Kebiasaan narasi al-Qur’an lainnya adalah ketika menguraikan ketentuan-ketentuan hukum, maka disebutkan setelahnya janji dan atau ancaman agar kita terdorong mengamalkannya. Surat an-Nisa’ ayat 11-12 menjelaskan tentang bagian-bagian harta ahli waris. Selanjutnya dalam ayat 13-14 dinyatakan:
تِلۡكَ حُدُودُ ٱللَّهِۚ وَمَن يُطِعِ ٱللَّهَ وَرَسُولَهُۥ يُدۡخِلۡهُ جَنَّٰتٖ تَجۡرِي مِن تَحۡتِهَا ٱلۡأَنۡهَٰرُ خَٰلِدِينَ فِيهَاۚ وَذَٰلِكَ ٱلۡفَوۡزُ ٱلۡعَظِيمُ ١٣ وَمَن يَعۡصِ ٱللَّهَ وَرَسُولَهُۥ وَيَتَعَدَّ حُدُودَهُۥ يُدۡخِلۡهُ نَارًا خَٰلِدٗا فِيهَا وَلَهُۥ عَذَابٞ مُّهِينٞ
Artinya : “Itu adalah batas-batas Allah.
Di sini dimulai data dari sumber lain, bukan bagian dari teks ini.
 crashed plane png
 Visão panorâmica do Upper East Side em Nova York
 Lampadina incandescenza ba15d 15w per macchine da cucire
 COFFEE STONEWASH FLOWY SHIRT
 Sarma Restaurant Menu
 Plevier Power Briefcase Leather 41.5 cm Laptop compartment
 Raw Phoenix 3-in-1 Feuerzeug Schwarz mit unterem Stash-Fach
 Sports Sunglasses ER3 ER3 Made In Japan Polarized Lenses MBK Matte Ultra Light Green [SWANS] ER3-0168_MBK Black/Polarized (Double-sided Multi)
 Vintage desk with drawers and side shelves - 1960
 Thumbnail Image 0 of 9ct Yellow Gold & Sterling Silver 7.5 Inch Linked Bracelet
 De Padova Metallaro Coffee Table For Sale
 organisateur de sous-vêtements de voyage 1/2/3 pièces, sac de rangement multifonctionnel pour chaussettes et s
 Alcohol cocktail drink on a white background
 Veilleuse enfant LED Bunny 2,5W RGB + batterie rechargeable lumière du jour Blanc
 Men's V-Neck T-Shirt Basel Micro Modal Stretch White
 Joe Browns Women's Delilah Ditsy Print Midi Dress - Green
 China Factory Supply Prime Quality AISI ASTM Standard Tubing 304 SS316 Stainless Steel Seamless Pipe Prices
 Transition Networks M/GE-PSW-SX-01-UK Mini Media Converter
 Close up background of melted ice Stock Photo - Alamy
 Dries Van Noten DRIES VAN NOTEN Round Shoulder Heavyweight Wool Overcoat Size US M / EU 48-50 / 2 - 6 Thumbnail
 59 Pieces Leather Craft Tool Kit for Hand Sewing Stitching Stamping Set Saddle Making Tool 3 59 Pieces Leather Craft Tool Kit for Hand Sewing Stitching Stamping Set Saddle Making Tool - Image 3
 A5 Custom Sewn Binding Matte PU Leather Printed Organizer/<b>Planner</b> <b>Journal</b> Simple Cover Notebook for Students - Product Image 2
Barangsiapa yang taat kepada Allah dan Rasul-Nya, niscaya Allah memasukkannya ke dalam surga yang mengalir di bawahnya sungai-sungai, sedang mereka kekal di dalamnya; dan itulah keberuntungan yang besar. Dan barangsiapa yang mendurhakai Allah dan Rasul-Nya dan melanggar ketentuan-ketentuan-Nya, niscaya Allah memasukkannya ke dalam api neraka sedang ia kekal di dalamnya; dan baginya siksa yang menghinakan.”
Ayat 11-12 surat an-Nisa’ menjelaskan tentang rincian bagian harta untuk ahli waris. Selanjutnya ayat 13-14 memberi dorongan, peringatan serta janji dan ancaman bahwa bagian-bagian warisan tersebut merupakan batas-batas atau ketentuan-ketentuan Allah. Orang-orang yang mengindahkan ketentuan-ketentuan itu dijanjikan surga, sedangkan yang melanggar diancam dengan neraka. Janji dan ancaman ini dimaksudkan agar manusia terdorong untuk melaksanakan ketentuan-ketentuan tersebut.
Model narasi seperti ini juga tampak dalam surat al-Baqarah ketika menjelaskan ketentuan hukum tentang qishas, thalaq, kebolehan makan minum dan berhubungan suami istri pada malam hari di bulan Romadhon, ketentuan-ketentuan seputar peperangan (qital), dan lain-lain. Dalam kitab al-Itqan Fi Ulumil Qur’an, Imam as-Suyuti menyatakan, “al-Qur’an biasa menyebutkan janji dan ancaman sesudah menguraikan tentang hukum-hukum, untuk mendorong dan memotivasi kita mengamalkannya. Kemudian menuturkan ayat-ayat yang menunjukkan keesaan dan kesucian Allah agar diketahui keagungan Yang Memerintah dan Melarang. Renungkan ayat-ayat dalam surat al-Baqarah, an-Nisa’ dan al-Ma’idah, niscaya anda akan menjumpai yang demikian itu”.
Demikian sedikit di antara sekian banyak kebiasaan-kebiasaan dalam narasi al-Qur’an. Wallohu A’lamu bisshowaab. Semoga bermanfaat… Salam Sukses Bersama Al-Qur’an.